[WHAT IS BEING ASKED]:
Write down exactly the line where "Hyundai INSTER 71kW" occurs and every line that follows it through the end of the material below; include nothing else.

[DATA EXCERPT]:
○ ○ ○ ○ ○
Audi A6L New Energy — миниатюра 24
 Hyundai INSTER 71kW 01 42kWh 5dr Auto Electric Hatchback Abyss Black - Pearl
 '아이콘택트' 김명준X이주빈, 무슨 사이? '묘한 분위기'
○ ○ ○ ○ ○
[SOLUTION]:
 Hyundai INSTER 71kW 01 42kWh 5dr Auto Electric Hatchback Abyss Black - Pearl
 '아이콘택트' 김명준X이주빈, 무슨 사이? '묘한 분위기'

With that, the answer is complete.